Cameron stares at me a moment, his eyes searching deeply to see if I’m carrying the guilt. I’ve tamped it down deep but it’s still there, though I know he can’t see it. I show him assured, calm and in control Alex Crossman. I’m used to this facade and I find it falls back easily into place.
***
I’m exhausted and for the first time in weeks, I don’t have a thrill of anticipation running through me at the prospect of seeing Sutton. Tonight’s game was brutal, I f**king played like shit and I can’t stop thinking about my deadbeat dad, whom I’m feeling compelled to save to alleviate my guilt. For the first time that I can ever remember, there is a certain appeal to getting shit-faced drunk and letting my worries drown along with my misery.
Opening the room door, I anticipate Sutton will greet me with a hug and a warm smile, and I’m not wrong. There she is, wearing one of the robes and smelling like fresh rain from the shower she just clearly had.

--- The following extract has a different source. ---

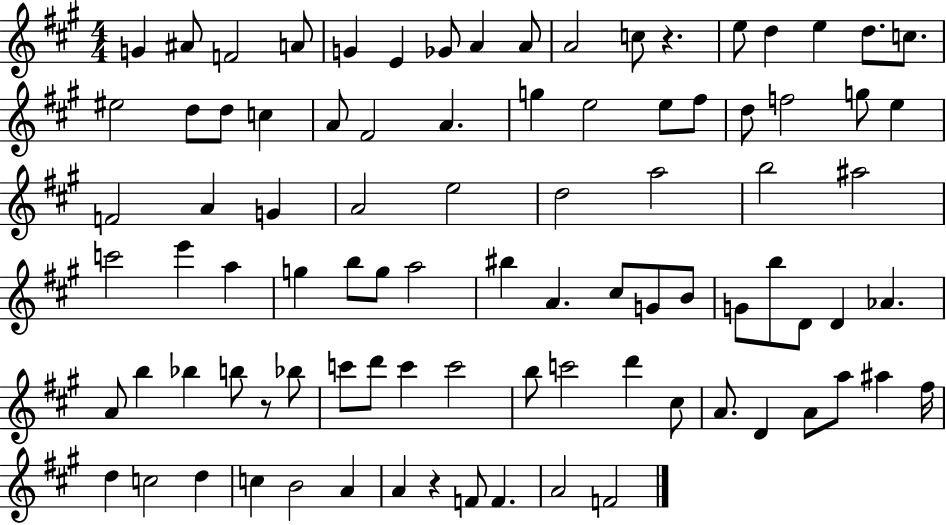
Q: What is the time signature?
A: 4/4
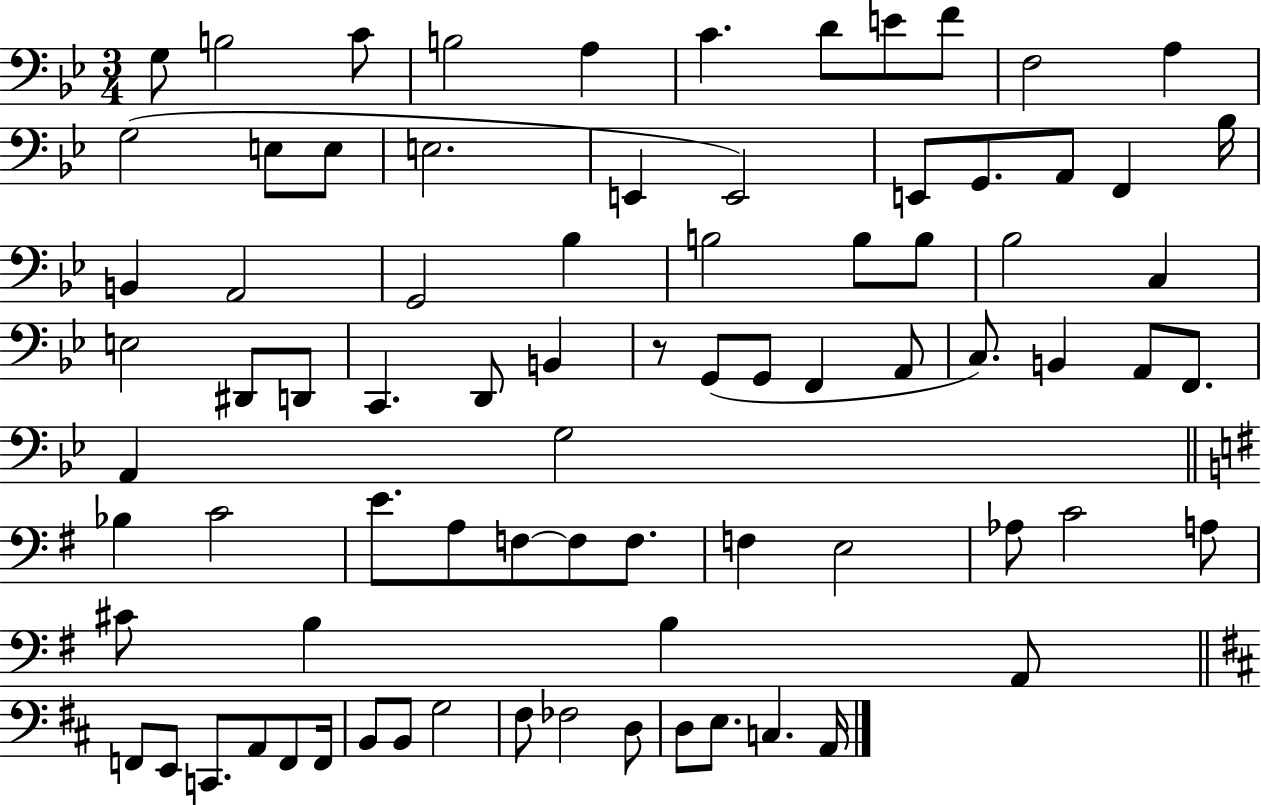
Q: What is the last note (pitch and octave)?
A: A2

“Oh my God, are you okay?” she asks as she runs her fingertips lightly over the eight stitches in my left temple. “I saw you get injured.”
I jerk back slightly, not because it hurts but because I don’t want her care right now. Stepping out of her arms, I walk over to the minibar and pull out a beer. Twisting the cap off, I toss it in the garbage can and take a long pull. After swallowing, I say, “I’m fine.”
And I am. Sutton preferred to stay at the hotel and watch the game on TV, so I know she got a close-up, slow-mo view of the stick that I took to my temple from one of the Wildcats’ defensemen. Head wounds bleed like a bitch and mine was no exception. But it didn’t stop me from launching myself at the f**ktard, immediately dropping my gloves to the ice so that he knew it was on.
He dropped his just as quickly and we circled each other on the ice, our arms held in a fighting stance, fists curled tight for maximum delivery of pain. Even though blood was pouring down the left side of my face, it thankfully stayed clear of my eye and I had good vision, plus I had anger. I was pissed off and I made the first move, grabbing hold of his jersey with my left hand and landing three solid jabs to his jaw with my right.
That’s all I got in before both of his hands were gripping my jersey, grappling to get leverage against me. I tried to jerk loose to land some more blows but both of our skates shot out from under us and we were on the ice.
It was all over then as the officials swarmed in and pulled us apart. We both landed five-minute majors, but I went off the ice and headed back to the locker room so our team doctor could stitch me up. We still had another period and a half of play left and a small cut wasn’t about to stop me.
I should have just stayed my ass back in the locker room. Once back out on the ice, I played some of the crappiest hockey I’ve played since I was about ten years old. I couldn’t make a clean pass, my shots were wide and my skating was hesitant. Some viewers would blame it on my injury but that didn’t have a damn thing to do with it. I had just lost my focus, plain and simple, and I’m sure it had everything to do with my meeting with Cameron this morning.
Walking over to one of the large armchairs that grace the room, I sit down with a heavy sigh. Sutton watches me cautiously. I must be giving off some bad vibes, because she isn’t moving any closer.
“What’s wrong, Alex? Is it the game?”
I can’t help the snort that comes out or the wry smile that I give her. “Sure, we’ll say it’s the game.”
I take another deep pull on the beer and watch her. She’s so f**king beautiful, and I know she’s na**d under the robe. But the thing that I focus on—right this very moment—is the look in her eyes. They are filled with such worry and care for me, that it physically hurts to receive it. It’s alien to me, a concept I don’t understand. It makes me feel weak and small, and I don’t want any part of it.